▶ [Task objective]
From the entries below, print exactly the span beginning with the line holding "ALO Yoga Woman’s" and ending with the line holding "Nivea Men Erkek", endpoints included, and skip any pictures.

▶ [The data]
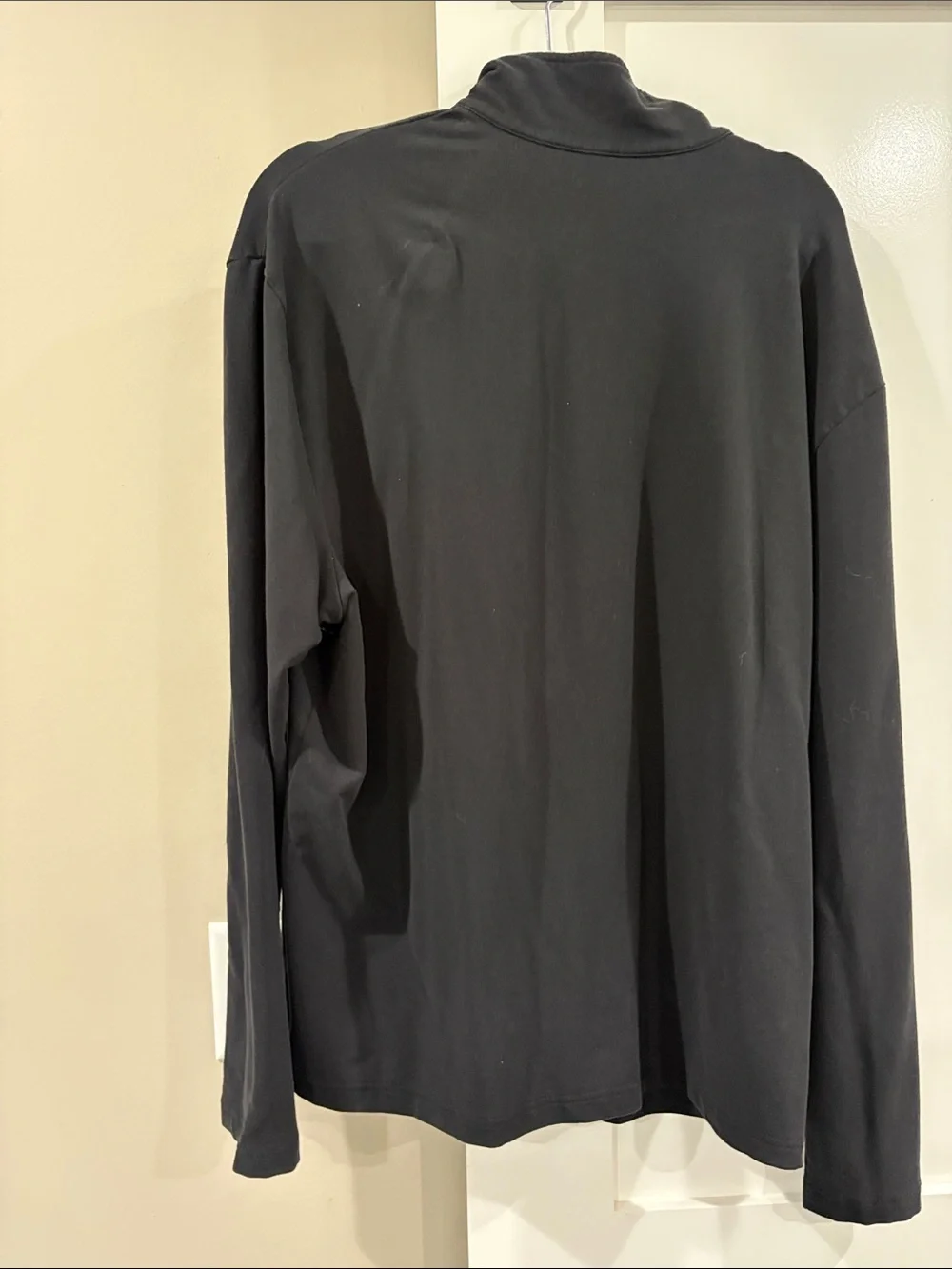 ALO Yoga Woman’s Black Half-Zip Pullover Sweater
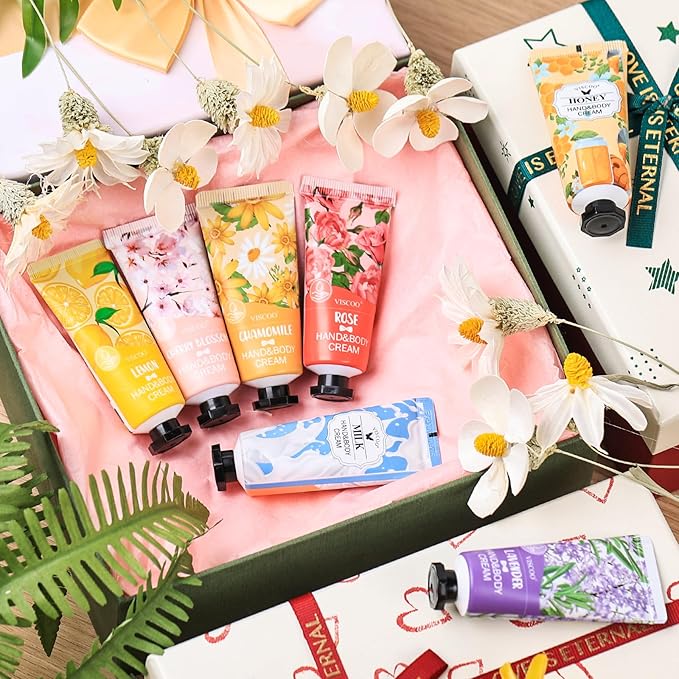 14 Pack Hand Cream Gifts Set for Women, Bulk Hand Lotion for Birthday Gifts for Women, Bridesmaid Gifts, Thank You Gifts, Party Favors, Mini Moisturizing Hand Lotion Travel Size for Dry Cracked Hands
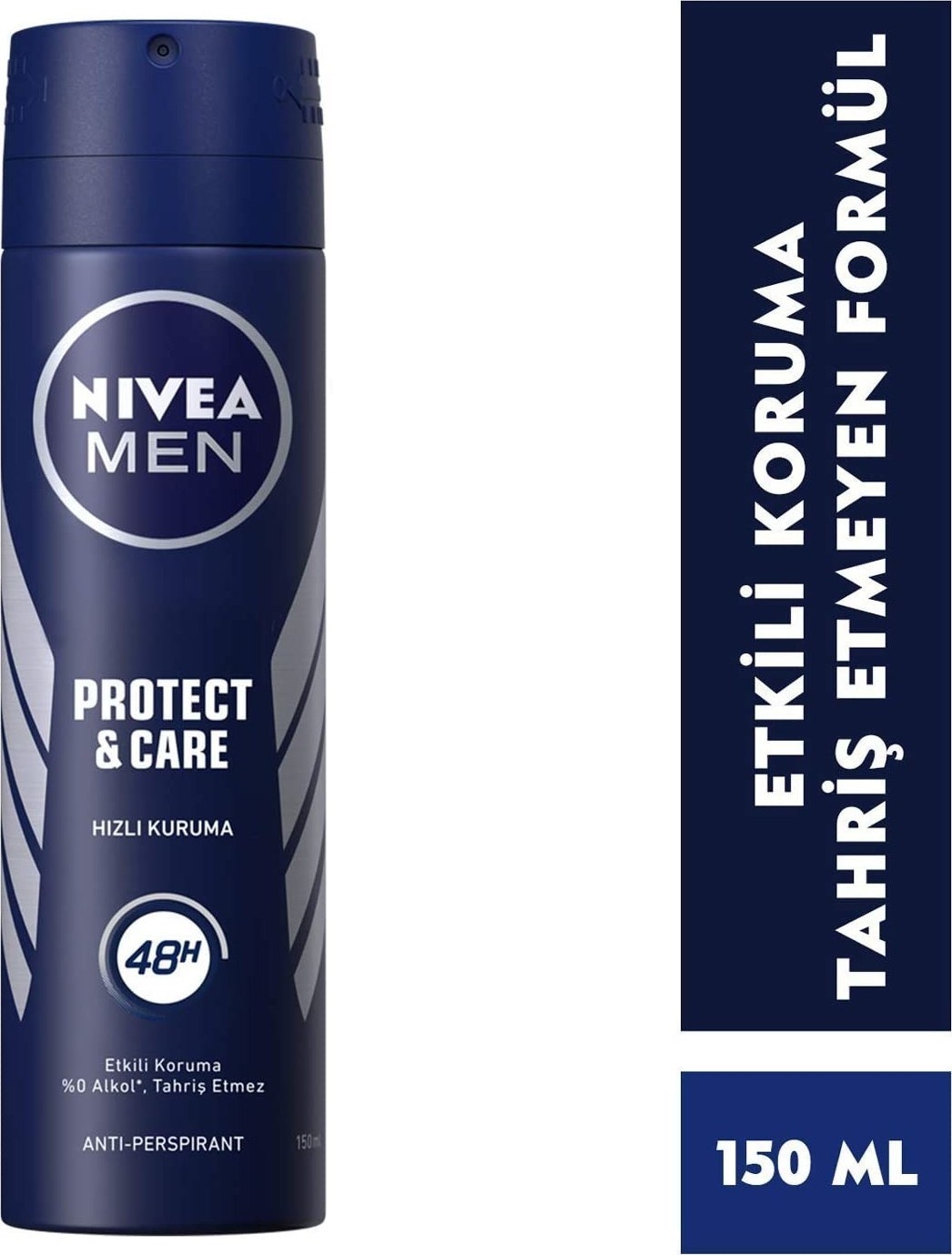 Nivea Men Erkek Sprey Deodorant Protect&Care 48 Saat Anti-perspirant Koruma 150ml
* * *
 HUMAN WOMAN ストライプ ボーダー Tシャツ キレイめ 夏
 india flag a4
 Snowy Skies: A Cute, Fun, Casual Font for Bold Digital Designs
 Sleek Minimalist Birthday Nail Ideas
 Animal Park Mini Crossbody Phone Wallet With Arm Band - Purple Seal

▶ [Task output]
 ALO Yoga Woman’s Black Half-Zip Pullover Sweater
 14 Pack Hand Cream Gifts Set for Women, Bulk Hand Lotion for Birthday Gifts for Women, Bridesmaid Gifts, Thank You Gifts, Party Favors, Mini Moisturizing Hand Lotion Travel Size for Dry Cracked Hands
 Nivea Men Erkek Sprey Deodorant Protect&Care 48 Saat Anti-perspirant Koruma 150ml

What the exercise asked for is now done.